How to complete this task
Transcribe the data exactly, omitting whatever pictures it holds.

Caption-style text data

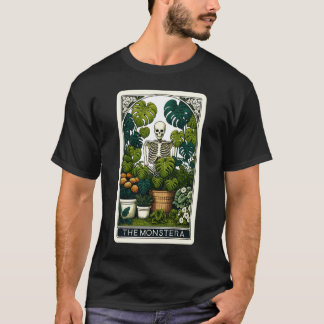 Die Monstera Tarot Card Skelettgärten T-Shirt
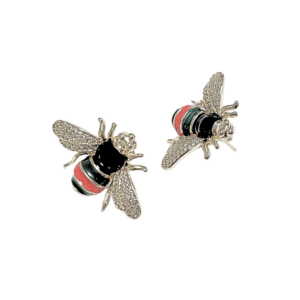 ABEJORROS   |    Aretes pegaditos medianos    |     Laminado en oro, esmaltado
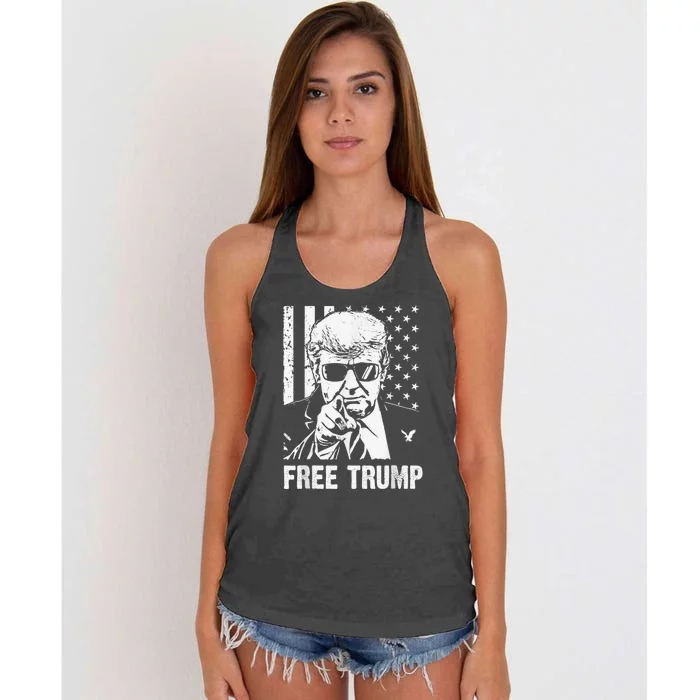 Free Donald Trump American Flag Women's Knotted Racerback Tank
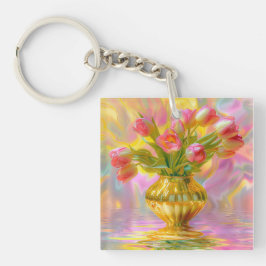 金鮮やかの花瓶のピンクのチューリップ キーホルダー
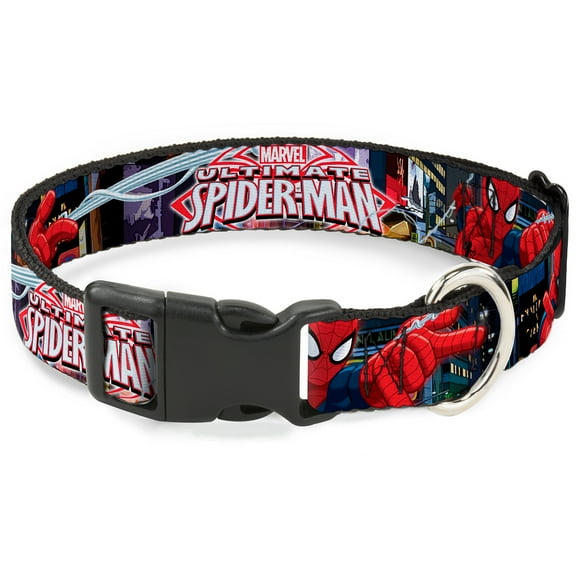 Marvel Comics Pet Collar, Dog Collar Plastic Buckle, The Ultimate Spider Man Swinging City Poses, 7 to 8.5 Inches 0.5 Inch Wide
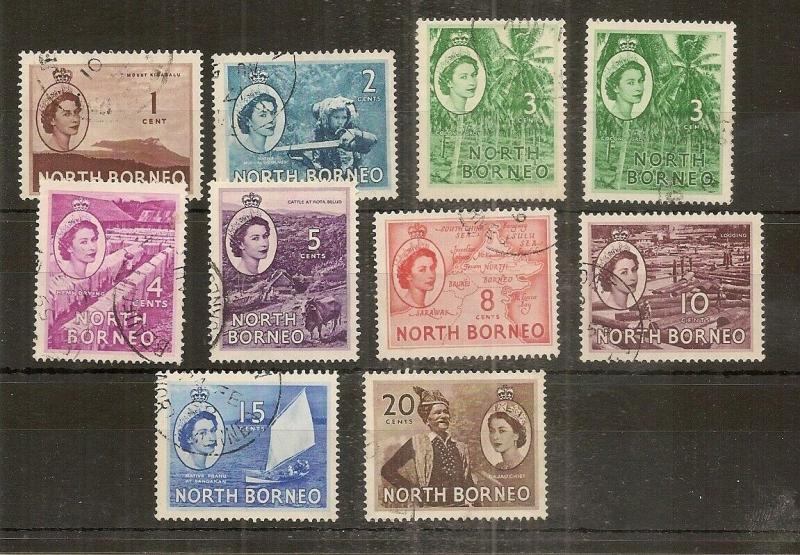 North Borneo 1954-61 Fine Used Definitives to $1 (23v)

Solution to the problem
 Die Monstera Tarot Card Skelettgärten T-Shirt
 ABEJORROS   |    Aretes pegaditos medianos    |     Laminado en oro, esmaltado
 Free Donald Trump American Flag Women's Knotted Racerback Tank
 金鮮やかの花瓶のピンクのチューリップ キーホルダー
 Marvel Comics Pet Collar, Dog Collar Plastic Buckle, The Ultimate Spider Man Swinging City Poses, 7 to 8.5 Inches 0.5 Inch Wide
 North Borneo 1954-61 Fine Used Definitives to $1 (23v)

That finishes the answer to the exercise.